The Beef 'n' Cheddar fiasco.

So, just as a preamble to this story I want to express my love for Arby's.  It's unhealthy, it's delicious, and it's also a guaranteed trip to the toilet.  In other words, it's perfection.

Because Arby's dominates all other fast-food chains it has to have a sandwich that dominates all the other competition.  McDonalds has a Big Mac, BK has the Whopper, Wendy's has the Baconator; so what does Arby's have to combat this stiff competition?

Ladies and gentlemen, the Beef 'n' Cheddar.

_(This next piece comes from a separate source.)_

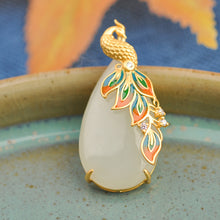 Women's Palace Style Ancient White Jade Necklace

Not only does it follow my sandwich theory, it builds upon it.  It's not some generic burger, it has a real "special" sauce (unlike Mac sauce which is just thousand island dressing), and it has onion bread.  Even the bread has been taken into special consideration.  There is nothing better than sinking your teeth into this food and just letting those sauces and juices ease on down your throat...  Damn.

Now that I've defined my love for this sandwich, I want to now express my hate for stupid ass hoes.  SAHs are those chicks who get attached to their boyfriends right away, the kind that'll do anything to stick with you.  SAHs are fun and all, they put out early and make for some crazy ass times.  However, when you're done with them they are not ready to end the symbiotic relationship.  They have a dependency on you now, and you need to take some drastic ass measures to get rid of them.

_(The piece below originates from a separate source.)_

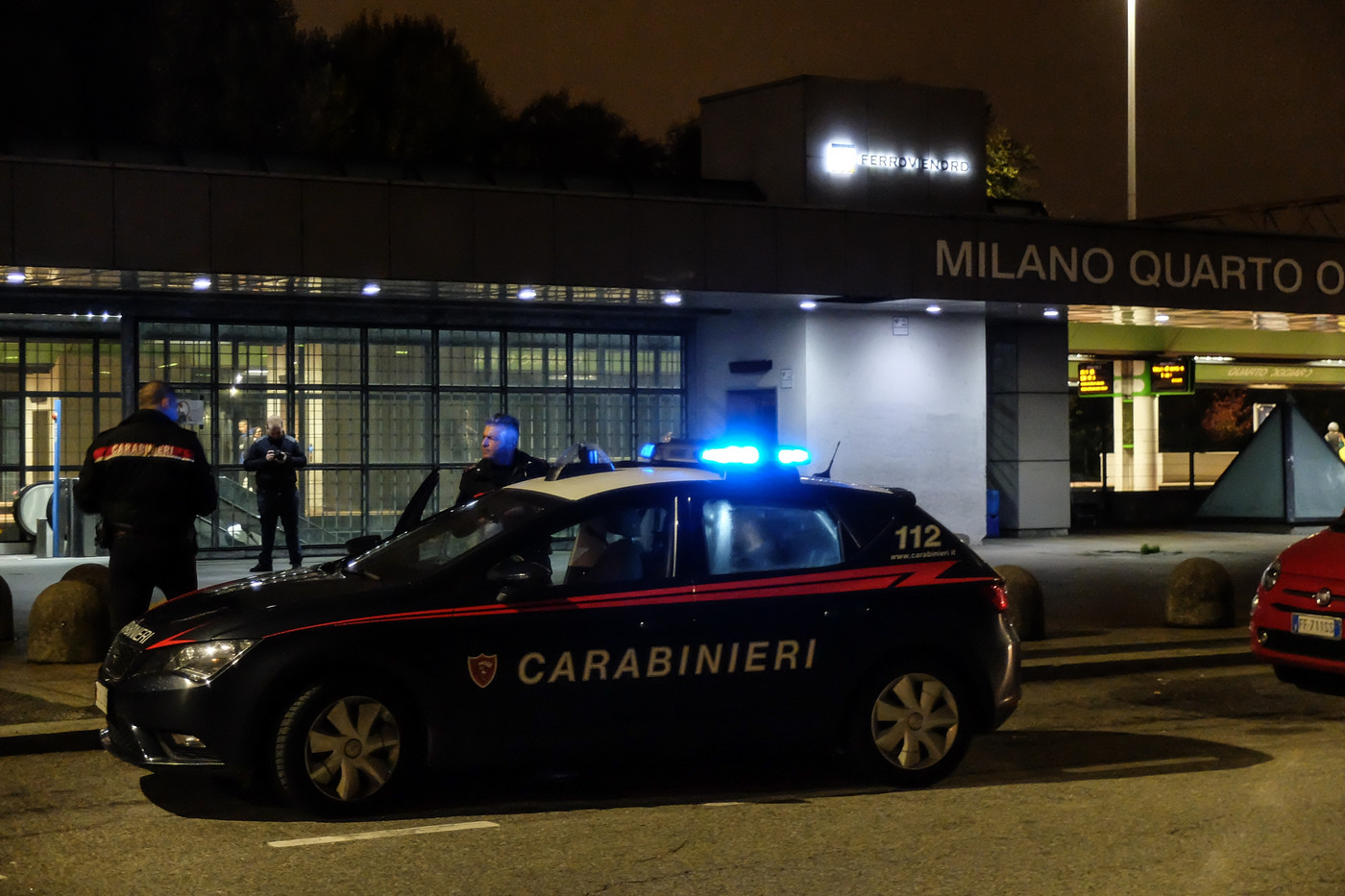 Macerata, lancia acido contro la moglie e la accoltella. Deputata M5s: “Scioccata, ero a 30 metri da lì”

Needless to say, this story is about me not being drastic enough.

I was dating this extremely sexual girl.  You know the kind that puts out and puts on if you buy dinner or hold open a door?  Easy stuff, really.  Anyway, I had my fun with her until she started hinting at me that she was feeling a little bit more than a dating-level friendship.  So I cut it off before anything escalated to the point of me being cornered and forced into saying things I don't mean (yes, you women are devious creatures).  I didn't do it angrily, nor did I do it stern enough for her to understand I don't even want to speak to her anymore. 

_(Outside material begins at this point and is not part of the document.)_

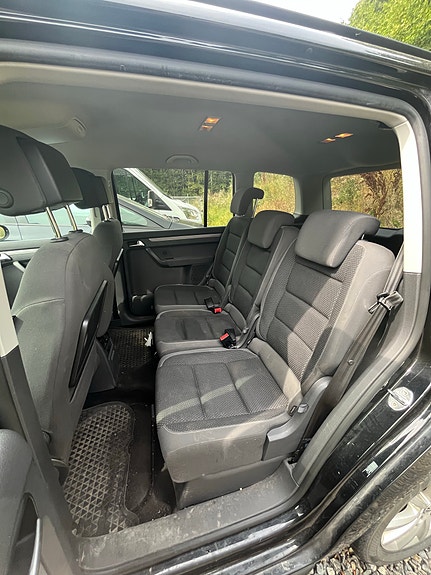 Volkswagen Touran 6 of 10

A few days pass and I have to deal with her constant texting and calling to try to "work things out."  There's nothing there hun, I didn't have any butterflies in my stomach (contrary to what I might've lied about).

Now before this story continues realize that she started showing SAH signals before I even laid eyes on her cash and prizes, it was pretty one-sided physically. 

So there I was eating a Beef 'n' Cheddar in my room, thoroughly enjoying the fantastic experience when there goes my phone vibrating.

1 New Media Message.

"Oh, a picture."  I think to myself.

One hand is occupied with the phone while the other is dealing with God's food, I flip my phone open and take a good look at what I see.  It was unclear at first, it was a distortment of colors I couldn't comprehend, or it could've been my brain trying to save me from the sight. 

I read the caption to straighten my thoughts. 

"If you leave me, you'll be missing out on this."

Folks, I say this now...  The eyes are the windows to your soul.  I support this statement 100%, because when I realized what I was looking at my very soul cringed.  It seemed as though I was staring at not one but two Arby's Beef 'n' Cheddars, however one has a much messier bite taken from it.  Both images, the real and the digital, fell to the floor and I sat shocked.

She won.  At the cost of our relationship, I now have to feast on a Double Quarter-pounder with Mac Sauce and cheese for I will never sink my teeth into an Arby's Beef 'n' Cheddar again.